Distribution of peritumoral edema in both groups showed that there was a higher incidence of peritumoral edema in Group “A” patients than in Group “B” patients. There was a statistically significant relation between peritumoral edema and occurrence of epilepsy. Lieu and Howng[[1]] and Kawaguchi et al.[[6]] reported similar results that most patients with evident or severe edema, had preoperative and postoperative epilepsy with a significant correlation.

Some authors noted that peritumoral edema fluid consists of excessive concentration of glutamate and aspartic acid which may be involved in denervation hypersensitivity and propagation of excitatory influences.[[6]],[[15]],[[16]]

Distribution of tumor histopathology in both groups showed that meningothelial meningioma was the most common histopathological types. There was no statistically significant relation between the different histopathological types and occurrence of epilepsy. Chow et al.[[10]] had similar results that the histologic types were not significantly correlated with preoperative epilepsy. Lieu and Howng[[1]] found that the rate of preoperative epilepsy in different histological types was as follows: meningotheliomatouS (19.3%), transitional (37.9%), psammomatous (20%), fibroblastic (25%), ANGIOBLASTIC (50%), atypical (50%) and others (40%). angioblastic meningiomas have a high incidence of associated preoperative epilepsy; however, it does not demonstrate significant difference between histological type and preoperative epilepsy. In contrary to what was reported by Kawaguchi et al.,[[6]] who believed that fibroblastic meningiomas were significant correlated with preoperative epilepsy.

Concordance between EEG localization and tumor site showed that the relation between interictal EEG localization and tumor site was concordant in 3 (15%) patients and nonconcordant in 17 (85%). There was no statistically significant concordance between the site of the interictal electrical activity and tumor site. These agree with Morrell,[[17]] who stated that for about a third of their patients, the epileptogenic focus does not correspond to tumor location. This result could be explained that the tumor induces secondary epileptogenesis which implies that an actively discharging epileptogenic focus induces similar paroxysmal activity in regions that are distant to the original site. This secondary focus is seen more frequently with temporal tumors.

Concordance between EEG lateralization and tumor side showed that the relation between interictal EEG lateralization and tumors side was concordant in 6 (30%) and nonconcordant in 14 (70%) patients. There was no statistically significant concordance between the side of the interictal electrical activity and tumor side. Similar results were reported by JiHoon Phi et al.[[18]] who found that, interictal EEG was lateralized to the affected temporal lobe in 29 (48%) patients, to the contralateral temporal lobe in 1 (2%) patient, to the bilateral temporal lobes in 3 (5%) patients, and to the affected temporal lobe and an extratemporal lobe in 4 (7%) patients. It was nonlocalizable in 23 (38%) patients. There was no statistically significant relation between tumor side and interictal EEG lateralization. According to Zaatreh et al.,[[19]] there was no concordance between tumor side and interictal EEG lateralization.

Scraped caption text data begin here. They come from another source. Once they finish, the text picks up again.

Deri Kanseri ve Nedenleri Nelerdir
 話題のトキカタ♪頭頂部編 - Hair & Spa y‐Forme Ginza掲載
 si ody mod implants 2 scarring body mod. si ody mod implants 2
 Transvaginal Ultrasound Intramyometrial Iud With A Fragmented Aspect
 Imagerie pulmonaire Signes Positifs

Regarding seizure control, among Group “A” patients 8 (40%) patients had good seizure control, and 12 (60%) had poor seizure control while in Group “B” patients 3 (15%) patients developed de novo seizures. Some authors reported that surgical removal of a meningioma eliminates epilepsy in 19.2%–63.5% of patients with preoperative epilepsy whereas postoperative epilepsy develops in 5.1%–42.9% of patients with no history of preoperative epilepsy.[[11]],[[15]],[[19]],[[20]] According to Lieu and Howng,[[1]] 37 (62.7%) patients had complete cessation of epilepsy after operation and the incidence of patients with new-onset epilepsy after surgery was 18.4%. According to JiHoon Phi et al.,[[18]] the following factors were found to be significantly associated with poor seizure control: duration of epilepsy >10 years, presence of a remote focus on surface EEG, and incomplete tumor removal.

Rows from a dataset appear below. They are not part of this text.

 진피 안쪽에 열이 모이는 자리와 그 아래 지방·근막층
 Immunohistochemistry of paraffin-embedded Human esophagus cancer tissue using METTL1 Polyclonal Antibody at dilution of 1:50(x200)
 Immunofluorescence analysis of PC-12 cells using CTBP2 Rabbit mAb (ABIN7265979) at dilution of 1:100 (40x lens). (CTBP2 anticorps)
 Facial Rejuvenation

Regarding the relation between seizure control and tumor side, among Group A patients, there was a higher incidence of good seizure control in 5 (50%) patients with left side tumors than in patients with right sided and midline tumors; however, there was no statistically significant relation between tumor side and seizure control. This similar reports of Lieu and Howng[[1]] and Zaatreh et al.[[19]] Scott[[21]] stated that patients with predominantly left-sided meningioma showed a statistically significant greater chance of developing seizures after operation while the occurrence of preoperative or postoperative epilepsy is not significantly different between right and left hemispheric lesions.

Regarding the relation between seizure control and peritumoral edema, among Group “A” patients, there was a higher incidence of good seizure control in 3 (50%) patients with no peritumoral edema than in patients with peritumoral edema; however, there was no statistically significant relation between peritumoral edema and seizure control. Contrary to what reported by Lieu and Howng,[[1]] who stated that intracranial meningiomas with evidence of or severe peritumoral edema were also a significant influencing factor for postoperative epilepsy. Tumors with evidence of or severe perifocal edema associated significantly with cerebral edema at the operative site and thus also have an influence, especially in the early onset of postoperative epilepsy, which is an observation previously made by others Tsuji et al.[[22]] and Chow et al.[[10]] Surgical manipulation and slow resolution of perifocal edema may be the cause of cerebral edema at operative site.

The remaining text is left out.